Looking over your patchwork of labored illustrations of increasingly off-topic points, I see no value in pointing out how some of these are even less relevant and more incorrect than your flawed handling of the doctrine/conduct mishap based on your previous refusal to budge an inch from demonstrably wrong premises.

10/02/2010 7:20 PM  
Blogger Peter Attwood said...

To address your point on the canon of scripture, I think the Bible makes it clear that that need not be settled. It wasn't settled in the time of the gospels, and Jesus showed in his dispute with the Saduccees about the resurrection how you deal with that. It still isn't settled to this day, even among Christians. Protestants have the 66, the Roman Catholics add several more, the Eastern Orthodox and the Egyptian Coptic church have a slightly different take.

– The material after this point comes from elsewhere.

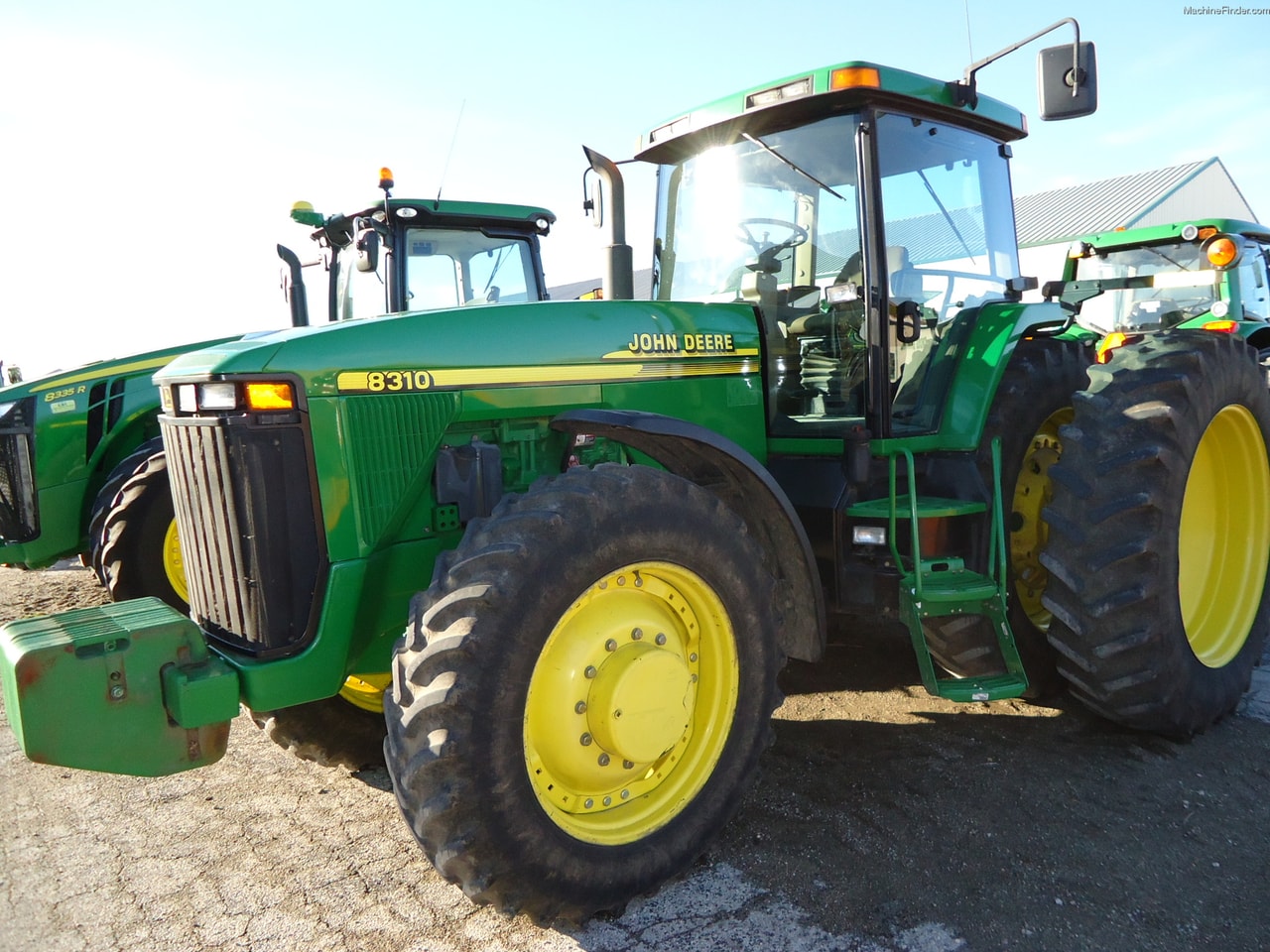 John Deere 8310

That a particular canon of Scripture is essential is a peculiarly Protestant take on things, an error which Protestants share with Islam by the way, and as you examine your Bible you'll find no support for it. So in this as in much else, crucial things are added to the Bible in evangelicalism that are not there, and it's tradition.

I define tradition as the body of authoritative beliefs that guide a community, including inspired scripture and whatever else is authoritative. That's the understanding of most Christian churches. There is much you rely on apart from scripture - the authority that established the 66 books you accept, the way you interpret it, and so on. There isn't necessarily anything wrong with that, but there is a problem with kidding yourself it isn't so.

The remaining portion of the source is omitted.